- WHAT YOU NEED TO DO:
From the listing below, extract every line in which the word "Product" appears.

- RECORDS SUPPLIED:
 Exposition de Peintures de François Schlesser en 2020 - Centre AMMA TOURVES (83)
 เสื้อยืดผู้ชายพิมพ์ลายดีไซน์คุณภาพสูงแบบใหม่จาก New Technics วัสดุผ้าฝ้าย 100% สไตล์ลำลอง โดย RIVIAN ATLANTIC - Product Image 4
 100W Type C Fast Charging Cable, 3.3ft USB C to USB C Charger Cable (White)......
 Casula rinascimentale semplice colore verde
...
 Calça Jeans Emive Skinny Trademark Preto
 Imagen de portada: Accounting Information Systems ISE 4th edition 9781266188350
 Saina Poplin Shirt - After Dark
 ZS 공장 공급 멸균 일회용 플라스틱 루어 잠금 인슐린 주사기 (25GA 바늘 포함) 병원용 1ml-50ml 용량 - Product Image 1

- ANSWER SPACE:
 เสื้อยืดผู้ชายพิมพ์ลายดีไซน์คุณภาพสูงแบบใหม่จาก New Technics วัสดุผ้าฝ้าย 100% สไตล์ลำลอง โดย RIVIAN ATLANTIC - Product Image 4
 ZS 공장 공급 멸균 일회용 플라스틱 루어 잠금 인슐린 주사기 (25GA 바늘 포함) 병원용 1ml-50ml 용량 - Product Image 1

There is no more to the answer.